Panel Paper: Unemployment Insurance and Caregiving

Friday, November 8, 2019
Plaza Building: Concourse Level, Governor's Square 17 (Sheraton Denver Downtown)

*Names in bold indicate Presenter

Yulya Truskinovsky, Wayne State University


The US population is rapidly aging, and the growing need for long term care is often met by adult children, many of whom juggle caregiving and work. While a growing body of work demonstrates that caregiving interferes with employment, here is little evidence about how social insurance policies are leveraged by family caregivers. This paper considers the role of caregiving during periods of involuntary unemployment and, specifically, the role of Unemployment Insurance (UI) in caregiving and future employment trajectories. By changing the opportunity cost of time during unemployment spells, UI changes the tradeoffs faced by beneficiaries. Previous research has found that UI receipt reduces job search effort, increases consumption, and increases investments in higher education (Meyer, 1990; Gruber, 1997; Barr & Turner, 2015). How caregiving behavior changes in this context is an open question.

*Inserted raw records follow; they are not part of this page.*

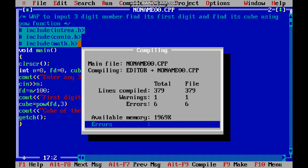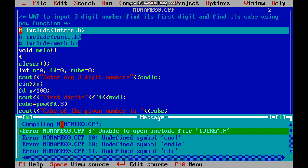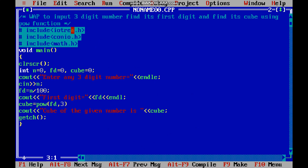F9 to compile. Six errors. Let us see — in the bottom you get all the errors. It says: unable to open include file — it shows iostream.h is wrong at line 10, then undefined symbol cout, undefined symbol cin. Let us remove them one by one. Let us correct the spelling of iostream.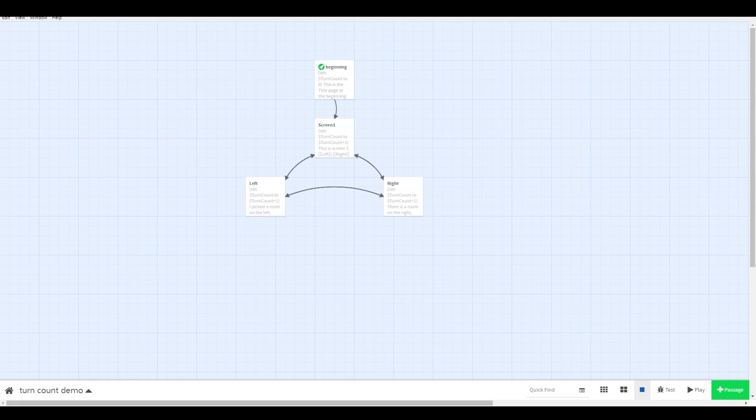This is a quick tutorial for the Twine game building engine. Let's say you want to make a game with a limited turn count. That is, after visiting a certain number of scenes, the game ends.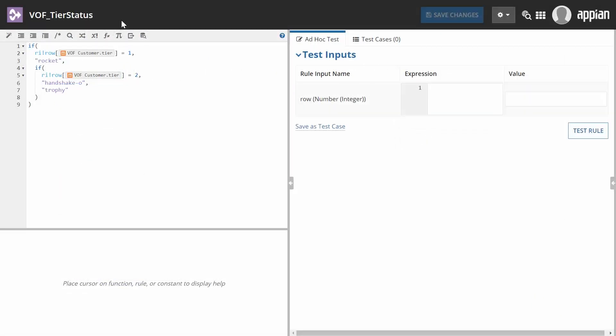Appian creates the expression rule object and automatically maps the rule inputs for you.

Using state-level variation in the generosity of UI benefits and several nationally representative longitudinal surveys that capture both employment and caregiving outcomes, I examine the effects of UI benefits on the likelihood of starting caregiving, the length of caregiving stints, the length of unemployment spells, and subsequent employment trajectories. I use state-level changes in the maximum weekly benefit amount and duration between 1991 and 2010, which includes the timing and magnitude of UI expansions following the Great Recession to explore the causal effects of UI generosity on caregiving behavior. Descriptive analysis using the American Time Use Survey (ATUS) show that recently unemployed individuals are more likely to be providing care, and this propensity varies by state. Further analyses are in progress.

By replacing lost income for a fixed (maximum) period, UI provides a unique experiment to study the role of wage replacement for caregivers separately from the role of job protection, with the important caveat that it covers involuntary periods of joblessness, while family leave policies cover voluntary (and planned) absences. These policy design features are bundled together in the case of paid family leave, while the Family Medical Leave Act (FMLA) provides job protection without wage replacement. Comparing the impact of the FMLA to paid family leave for new mothers suggests that the wage replacement component is key, especially for low-income families (Rossin-Slater, Ruhm, & Waldfogel, 2012).

Through subsidizing caregiving spells, UI also provides further insight into the effects of policies that promote subsidizing family members who might otherwise be working to care for relatives. Additionally, if the availability of UI extends short-term informal caregiving capacity while reducing the use of formal care (Arora & Wolf, 2018), it will highlight another way in which the availability and generosity of state UI programs have broad welfare benefits beyond providing wage replacement for displaced workers. In the context of a rapidly aging US population, where much of the need for eldercare is met by working age adult children, this work will provide knowledge about how social insurance policies that provide wage replacement can support the growing need for long-term care.